- _What needs to be done_: Leave the pictures aside and copy all the data exactly.

- _Data below_:
——

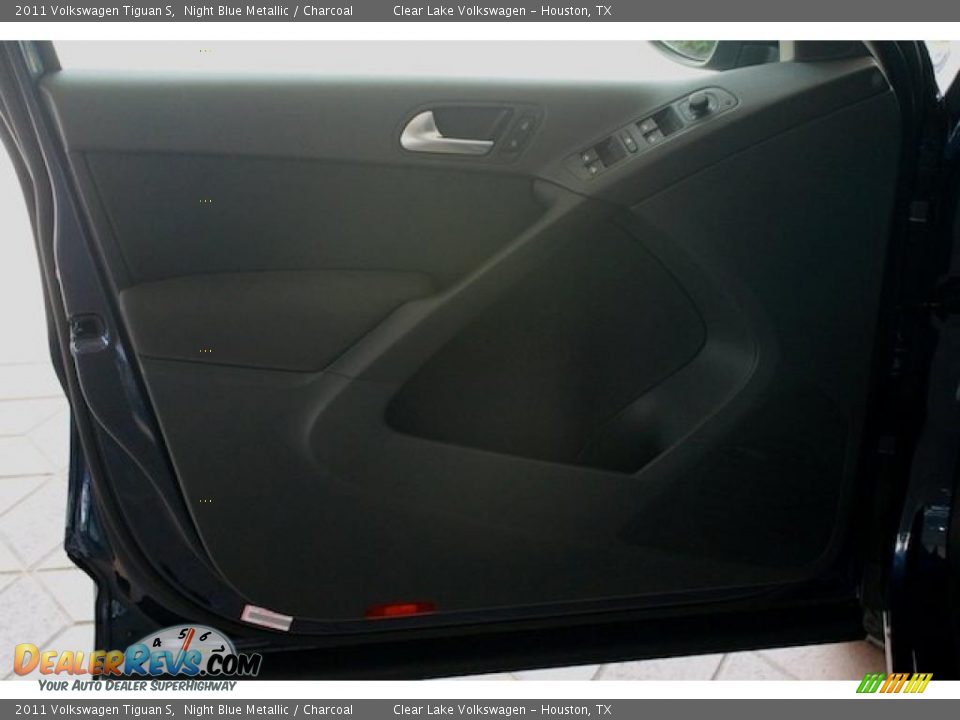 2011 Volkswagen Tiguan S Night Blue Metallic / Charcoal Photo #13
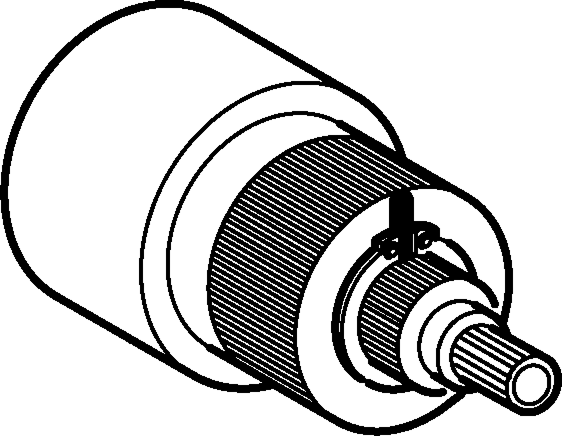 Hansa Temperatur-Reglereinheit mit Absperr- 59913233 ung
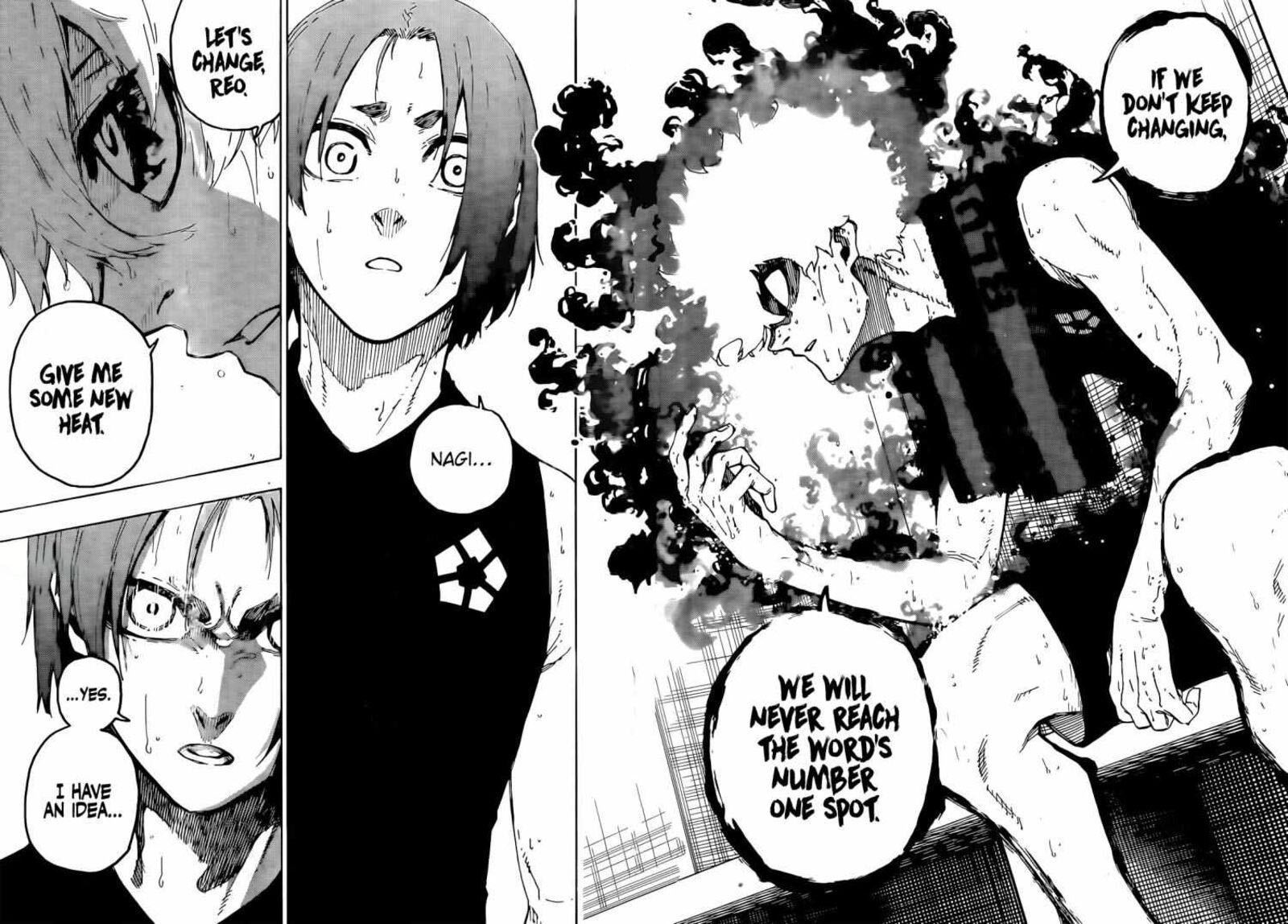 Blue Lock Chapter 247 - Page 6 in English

——

- _Final answer_:
 2011 Volkswagen Tiguan S Night Blue Metallic / Charcoal Photo #13
 Hansa Temperatur-Reglereinheit mit Absperr- 59913233 ung
 Blue Lock Chapter 247 - Page 6 in English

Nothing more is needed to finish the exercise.